The brake hose suggestion has nothing to do with the problem, it's just a good idea because they tend to dry rot over time. As for the master, the only real way it would do this is if it were improperly sized.( out of another application) Brake bleeding goes a little like this: get to the bleeder screw on the wheel in question and get a helper to depress the pedal. Once it is depressed, open the bleeder screw and let fluid gush out. Then, close the screw, and have the helper let off the pedal once the screw is tightend.Do this a couple of times until nothing but fluid comes out( no air). If changing the fluid, do it until clean fluid comes out. If changing all the fluid, you can also gravity bleed it first, by opening the bleeder and letting gravity take it's course until fresh fluid comes out, then follow the other procedure. If you do decide to change the hoses, remember to put new copper washers on the front caliper banjo bolts or it will be more likely to leak.

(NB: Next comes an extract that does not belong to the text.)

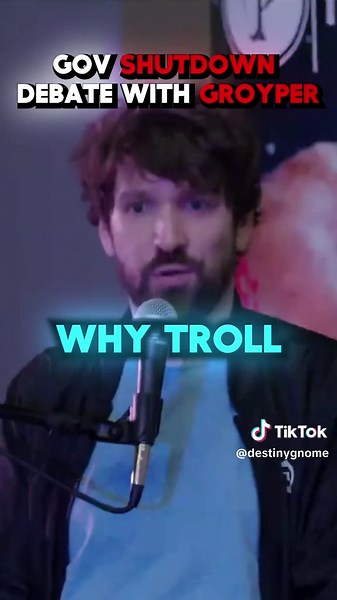 Government Shutdown Debate: Destiny vs. Fuentes Fan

I'd pull the drums and see if the wheel cylinders are leaking in back too. If so, new ones are only $10 ea, so go ahead and replace them and the shoes.Remember to leave the parking brake off when trying to remove the drums.
 

ONE EYE

Greasemonkey
Aug 24, 2006
133
0
0
in front of the computer...
if the wheel cylinder is leaking you will see it on the back/bottom of the drum. and that will cause it to lock up, if the cylinders are good the brakes are probably just set up too high. they tend to lock up if they are.
 

mrapii

Greasemonkey
Jan 5, 2006
198
0
0
Waipahu, HI
"What did you do to upgrade yours?"

On my 1979 El Camino I replaced the front calipers and rotors with SSBC dual piston calipers and SSBC slotted rotors. I also used metallic/ceramic rear shoes with the larger wheel cylinders from the Chevy Blazer. Lastly I replaced the stock rubber flex hoses with braided SS hoses from Russell. The improvement is very noticeable but if you want the eyeball straining stops that only a big brake upgrade will give you, replace the front rotors with 13" large rotors and install rear disc brakes. Be prepared to make a large investment in your brake system upgrades, at least $2000 or even more. My upgraded brakes cost me about $800, but I did all the labor myself.
 

pontiacgp

blank
Mar 31, 2006
29,270
20,413
113
Kitchener, Ontario
mrapii...for the rear wheel cylinders you said you used the Blazer cylinders. I used the cylinders for an S10 non power brake which come with larger diameter pistons and fit the G body back plates. Do the Blazer cylinders fit the backing plate in the G body?